G-6.0106 Gifts and Requirements
a. To those called to exercise special functions in the church--deacons, elders, and ministers of the Word and Sacrament--God gives suitable gifts for their various duties. In addition to possessing the necessary gifts and abilities, natural and acquired, those who undertake particular ministries should be persons of strong faith, dedicated discipleship, and love of Jesus Christ as Savior and Lord. Their manner of life should be a demonstration of the Christian gospel in the church and in the world. They must have the approval of God's people and the concurring judgment of a governing body of the church.
b. Those who are called to office in the church are to lead a life in obedience to Scripture and in conformity to the historic confessional standards of the church. Among these standards is the requirement to live either in fidelity within the covenant of marriage between a man and a woman (W-4.9001), or chastity in singleness.
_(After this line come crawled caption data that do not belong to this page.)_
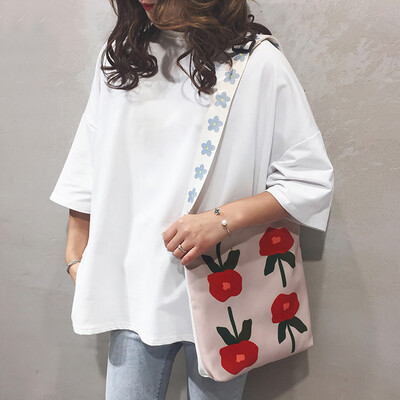 

Tailored Women Flower Large Capacity Bag Wild Student Slung Fashion Canvas Bag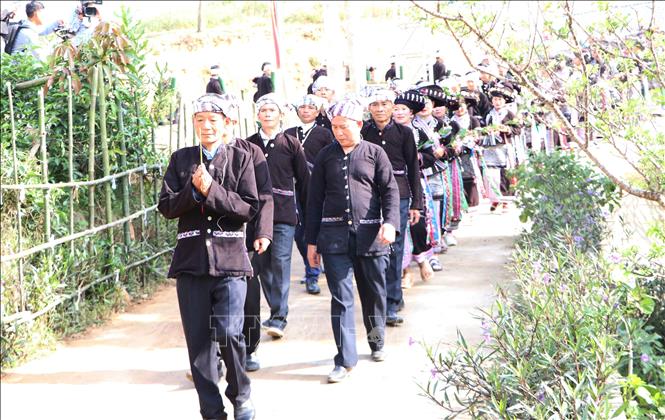 Sau nghi thức cùng thần linh, đoàn lễ sẽ đi xin nước mưa ở một nhà dân bản để cúng tượng Phật trong chùa. Ảnh: Nguyễn Oanh-TTXVN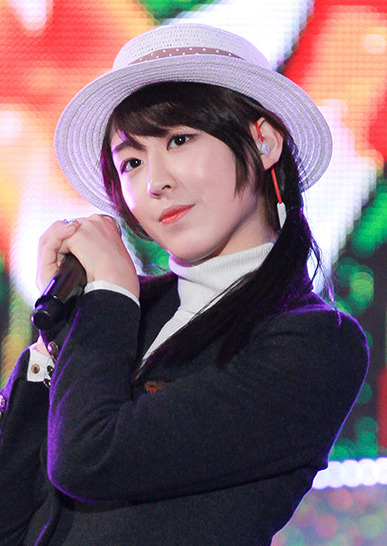 File:Oh Yeon-kyung at 2013 Seoul Multicultural Festival.jpg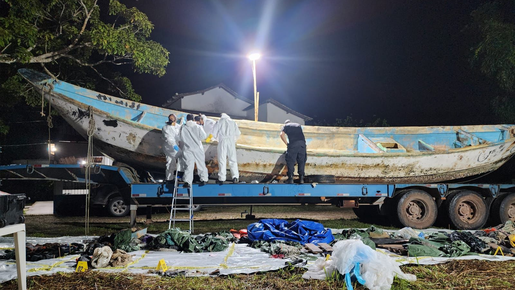 PF acredita que ao menos 25 pessoas estavam na embarcação encontrada à deriva no Pará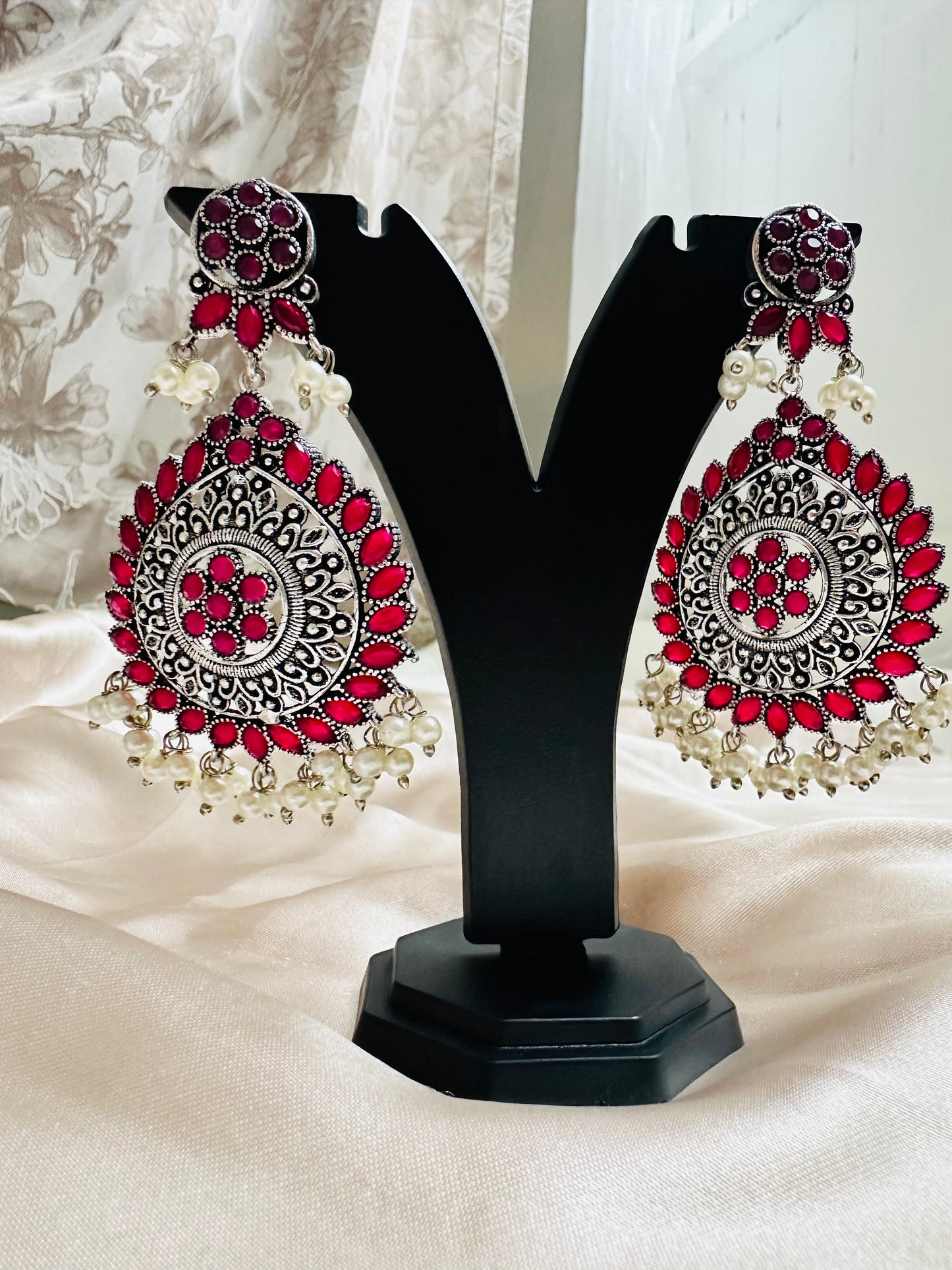 Noorani Elegance Dangling Earrings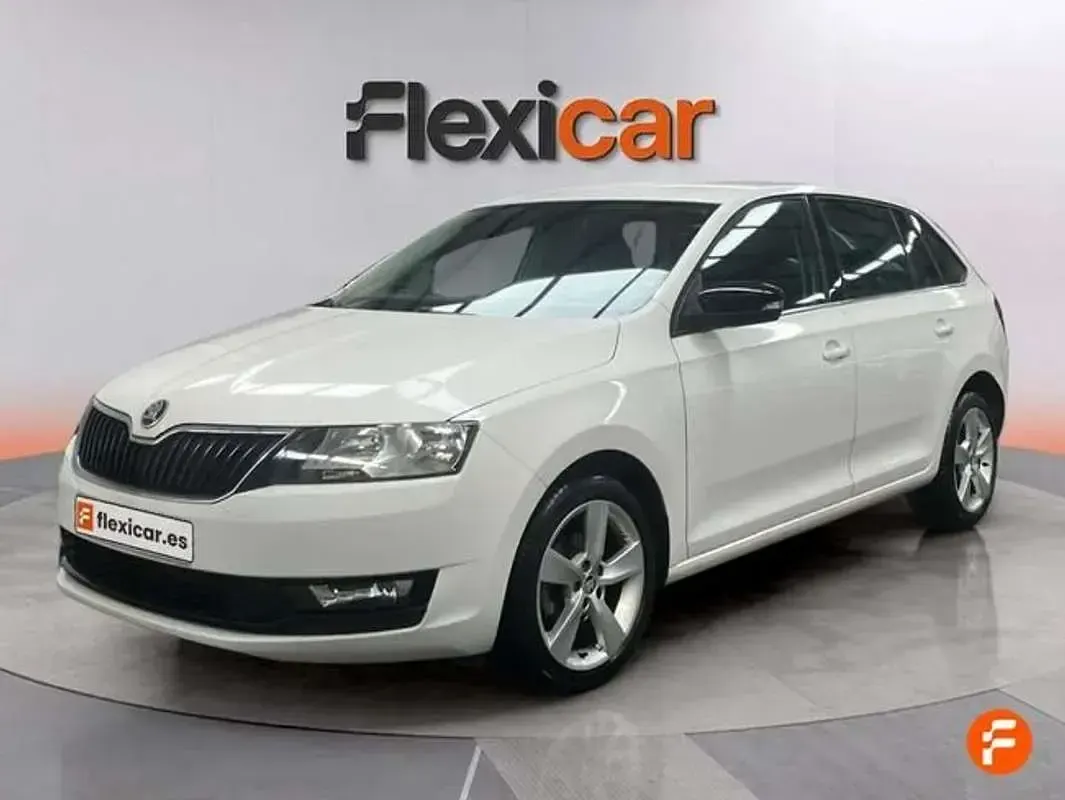 Usado Skoda Rapid 95 CV (69 kW) 2018 Blanco Utilitario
Persons refusing to repent of any self-acknowledged practice which the confessions call sin shall not be ordained and/or installed as deacons, elders, or ministers of the Word and Sacrament.
Part B is known colloquially as the "fidelity & chastity amendment," and was adopted by the General Assembly in 1996. For the sake of quibbling, we should note that this requirement does not actually forbid the ordination of homosexuals (that is, those who are attracted to people of their own gender); it forbids the ordination of (among others) those who by habit engage in homosexual intercourse.

Prior to 1996, ordination of homosexuals was still effectively prohibited by an "authoritative opinion issued in 1978 stating essentially the same policy: "persons who are unrepentant of homosexual practice are not eligible for ordination."


The most visible pro-gay-ordination faction is the "More Light Presbyterians" ( From a statement on their web site: "More Light Presbyterians envisions that Christian sexual ethics marked by covenantal fidelity shall be the standard for all Presbyterians, irrespective of sexual orientation."

The most visible anti-gay-ordination factions are "The Presbyterian Coalition" (, a coalition formed in 1993, and "The Presbyterian Layman" (, a magazine promoting conservative issues in the church. They claim that both tradition and reasonable Biblical interpretation prohibit such a policy.

As one would expect, presbyteries in highly urban areas tend to support homosexual ordination, while more rural presbyteries tend to oppose it. It's exactly the same effect as in American politics: the big cities voted for Al Gore. I intend no insinuation about Mr. Gore's sexuality.


The "fidelity & chastity" amendment has had a rocky life since its adoption in 1996. After being adopted by the General Assembly, it was ratified 97-74 by the presbyteries. In 1998, the year after it had been finally approved, the General Assembly voted to remove it, but the presbyteries voted 114-57 to keep it in.

The 2001 General Assembly again voted to remove it (317-208), and to remove the 1978 authoritative interpretation, thus reopening the possibility of gay ordination. Additionally, it voted to add a sentence to section G-6.0106a of the Book of Order as follows: "suitability to hold office is determined by the governing body where the examination for ordination or installation takes place, guided by scriptural and constitutional standards, under the authority and Lordship of Jesus Christ"--effectively ceding denominational authority to the mores of each presbytery.

Preliminary surveys and scuttlebutt suggest that these measures will again be defeated by the presbyteries, which are overall consistently more conservative than General Assembly.

Where To?

Although debates remain relatively civil, it's difficult to forsee any easy resolution of this issue, in which, arguably, the underlying issue is the limits of biblical criticism and interpretation. It seems likely to me that at this point, if either faction wins a truly decisive victory, the other will leave the denomination...perhaps to the relief of both.